The Dead Mule School of Southern Literature

JoAnn Williams: White Tee Shirts (memoir)

Essays
Southern Legitimacy Statement: I am a sixth generation Texan and proud of it. I am not proud of the current set of Texas’ elected representatives. I believe anyone who does not believe that grits are a gourmet food choice has a major character flaw.

White Tee Shirts

I didn’t know there was a dress code for dying.  Mama lay dying, and here I was in Target shopping for white tee shirts. The hospice nurse said Mama would be more comfortable wearing tee shirts. She said to buy a dozen.

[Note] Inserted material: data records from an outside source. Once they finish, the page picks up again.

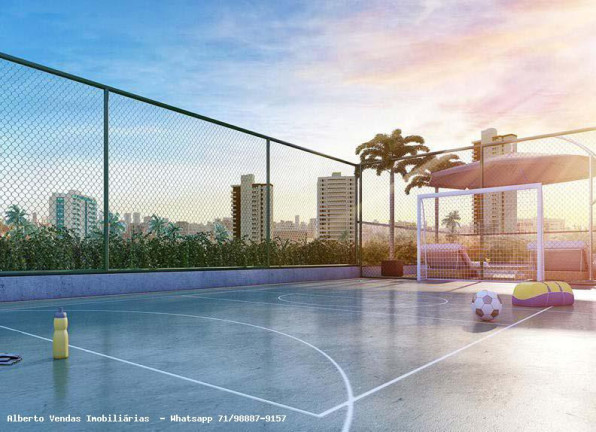 Imagem Apartamento com 2 Quartos à Venda, 95 m² em Horto Florestal - Salvador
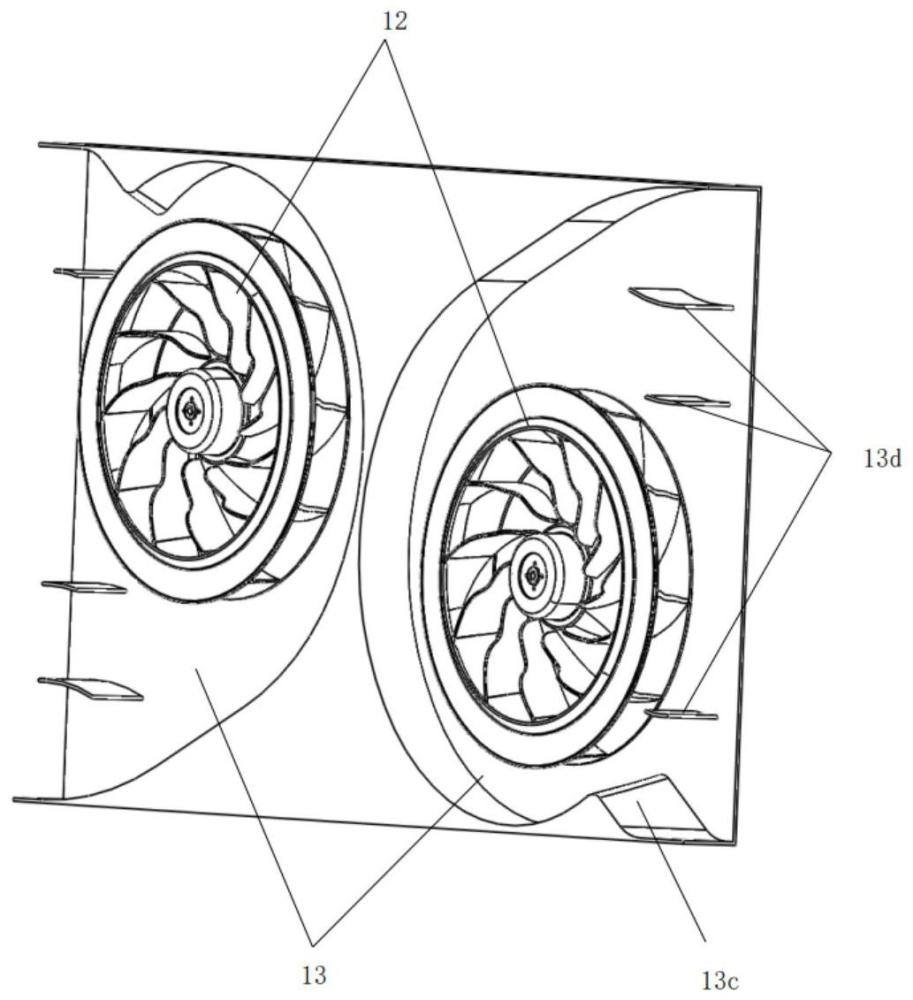 一种多面出风空调器及空调机的制作方法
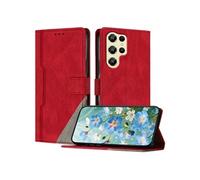 Coque pour Oukitel C61/C61 Pro Housse en Cuir PU avec [Protection Antichoc TPU] [Fonction Support] [Porte-Cartes ] Etui pour Antichoc Magnétique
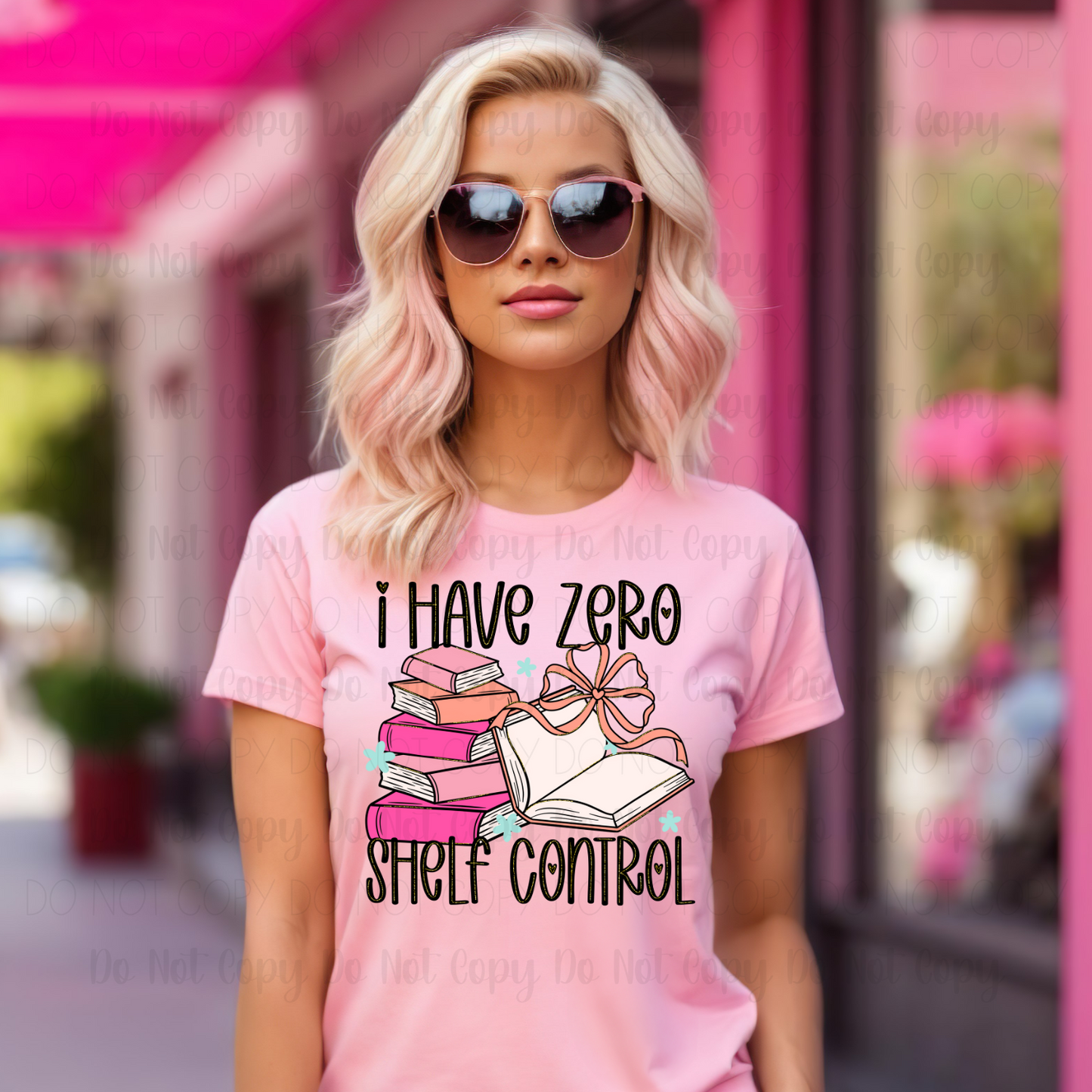 I Have Zero Shelf Control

The last few years of her life, we tried to avoid the old woman active wear, leisure suit fashion statement. Drab black is depressing and tends to make one look cronish.  She was small and finding clothes for her was challenging.  Clothes in the girl’s department at Target fit perfectly, but it is difficult finding suitable attire for a child sized octogenarian.  Too cute tee shirts that said “Daddy’s money” didn’t seem appropriate. Ripped pink bejeweled jeans were a definite no. It was a delicate balance to maintain dignity and avoid the bizarre. We discovered if her caregivers were excited about her clothes, she got a bit of extra attention, bringing support to the theory that clothes make the woman.
Mama’s approaching death came as no surprise. We watched as she slipped away bit by bit every day. By now, the healthy meal ship had sailed and she ate whatever she wanted to maintain calorie intake. On this day, seconds after she had finished a small portion of the SpaghettiOs she loved for lunch, the nurse indicated it was time for us to say our good-byes. How could this be happening? One minute a person is eating lunch and a flash second later prepares to die? I felt like a character in a Quentin Tarantino movie.

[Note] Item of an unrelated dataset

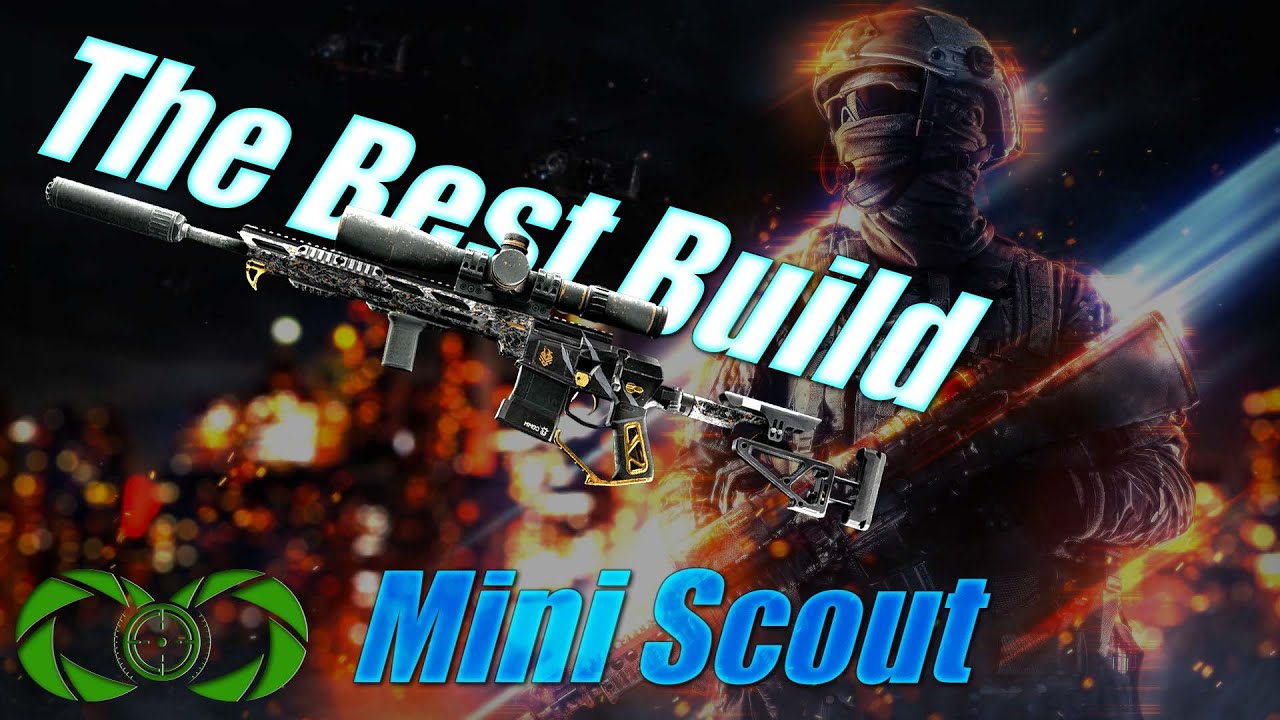 Mini Scout Build I Actually Use (with bonus aggressive build) -  Battlefield 6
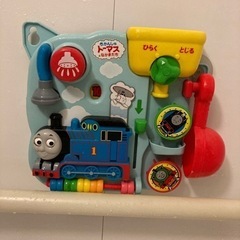 お話中トーマス　お風呂で遊ぶおもちゃ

This was too much to ask. What kind of person sends you to a big box store to buy clothes for your Mama when she is dying?  Had I failed to read about this in the instructions the hospice social worker provides for the family?  
The ghost of someone who looked like me walked through Target to the boy’s department; there were no plain white tee shirts in the girl’s section. Should I get crew neck or v-neck shirts, not that it would make a difference? Maybe if I just left and didn’t buy the tee shirts, she wouldn’t die. But, was that fair? Mama had said many times; she was ready to go.  Was it proper to her to dress her in a tacky white tee shirt for occasion? Mama always wore big earrings; shouldn’t she be wearing those too?

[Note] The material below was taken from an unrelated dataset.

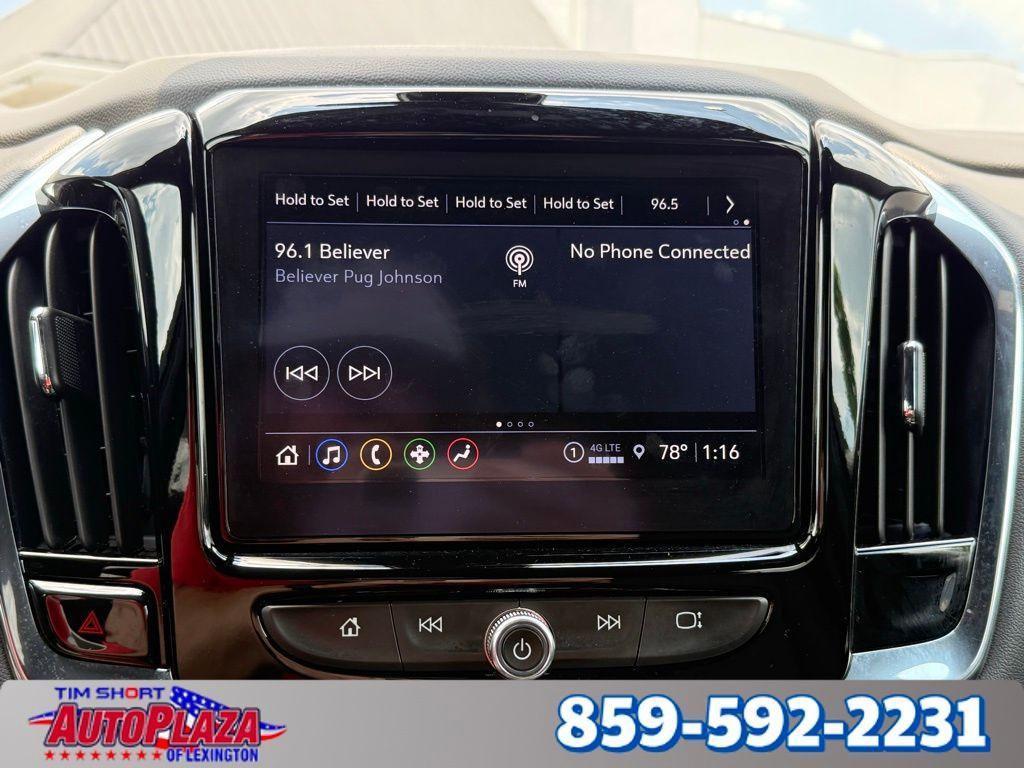 used 2023 Chevrolet Traverse car, priced at $30,500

I gathered the tee shirts in the appropriate size and began to count; maybe if I bought two dozen she would rally long enough for us to have one last visit. I loitered around the tee shirt section postponing the purchase for as long as possible. Could I actually follow through with this and not dissolve into a messy wreck at the checkout counter?
Then I heard Mama remark that it was a waste of time and money to buy clothes for an event that would be short lived. Leave it to her to add a bit of levity just when I needed it.
I delivered the dozen tee shirts that Mama would wear as she began her journey to a different place. There are all sorts of palliative care resources to guide one through the process of a parent’s death.
The problem is—–no one tells you about the white tee shirts.